Rabiej, Waldron discuss court records access

Mar 29, 2019Latest News

John Rabiej, deputy director of the Bolch Judicial Institute, and Jim Waldron, director of EDRM, the e-discovery organization operated by the Bolch Judicial Institute, spoke at the Yale Law School Workshop on Court Records Access, which was sponsored jointly by Yale’s Media Freedom & Information Access Clinic (MFIA) and its Collaboration for Research Integrity and Transparency (CRIT), on March 25.

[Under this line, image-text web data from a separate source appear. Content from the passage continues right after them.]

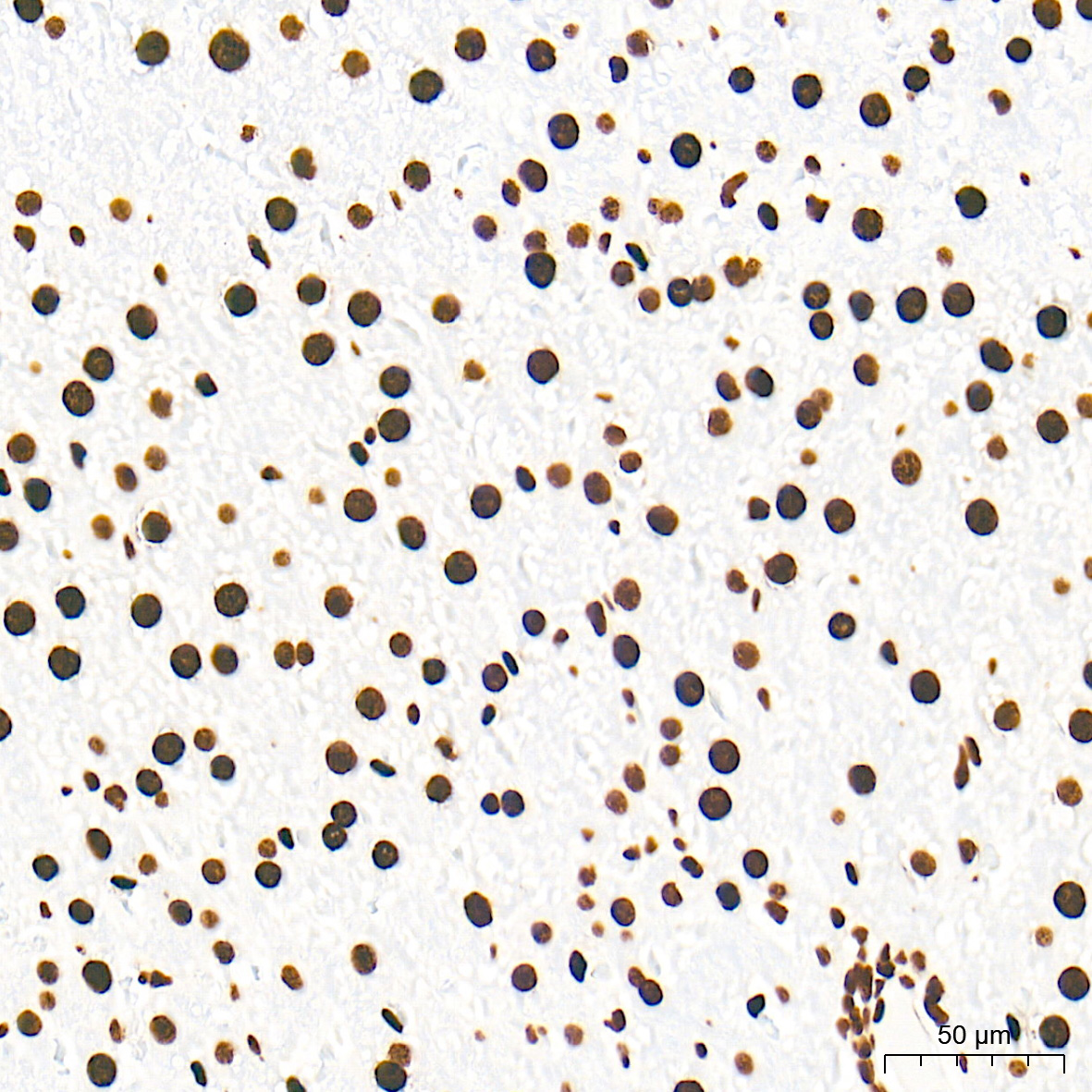 DiMethyl-Histone H3-K79 Rabbit mAb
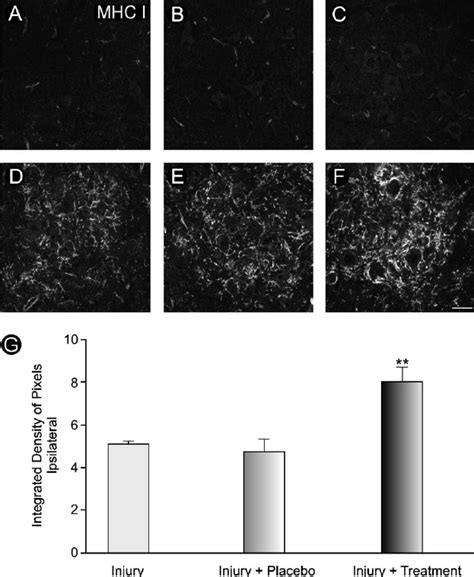 The Mhc Class I Immunolabeling In The Spinal Cord Ventral Horn Of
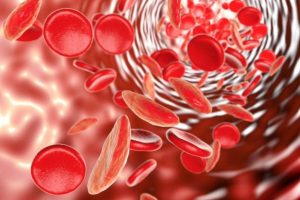 Anemia por deficiencia de hierro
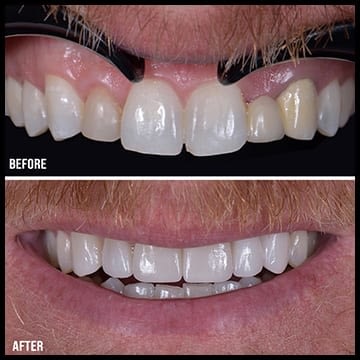 Displays the before and after of Sbenati Dentistry's world class cosmetic dentistry service.
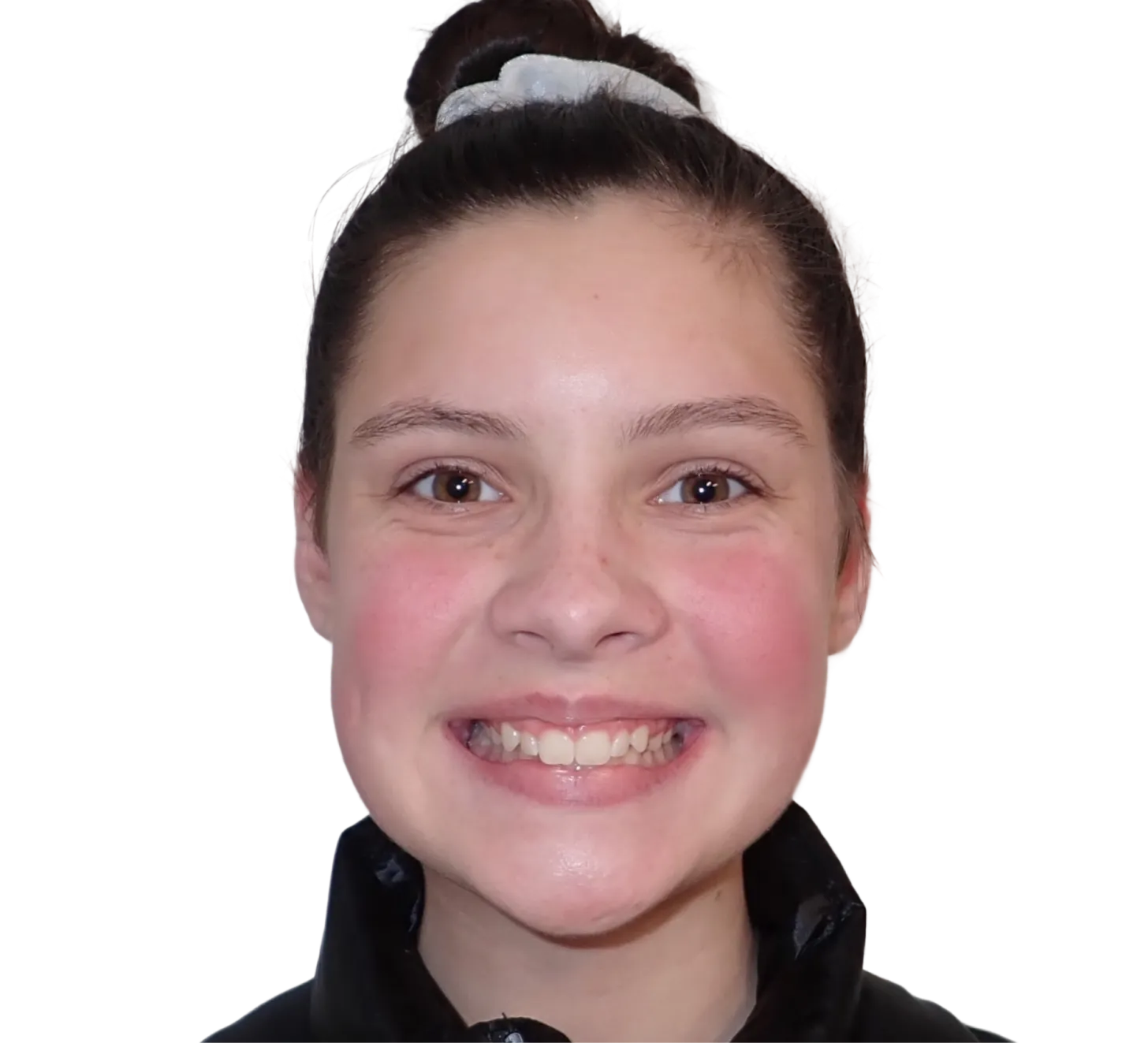 Before orthodontic treatment - Case 33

The workshop brought together subject-matter experts to identify problems and develop strategic responses to issues concerning sealed court records, protective orders, and other transparency issues in judicial matters.  A diverse group of advocates, academics, law school clinics, journalists, former judges, court clerks, and judicial administrators addressed the growing problems raised by secrecy court orders, especially their effects in mass-tort MDLs that consist of thousands of individual cases.

Rabiej and Waldron took the lead on a session that focused on the rules-amendment process as a potential means to address these issues.

The Media Freedom and Information Access Clinic is a law student clinic whose dual missions are to support robust investigative journalism in the digital age and to advance the public’s right of access to information needed for democracy to function. The Collaboration for Research Integrity and Transparency is an inter-disciplinary initiative of Yale’s Schools of Law, Medicine and Public Health to enhance the quality and transparency of the research base for medical products.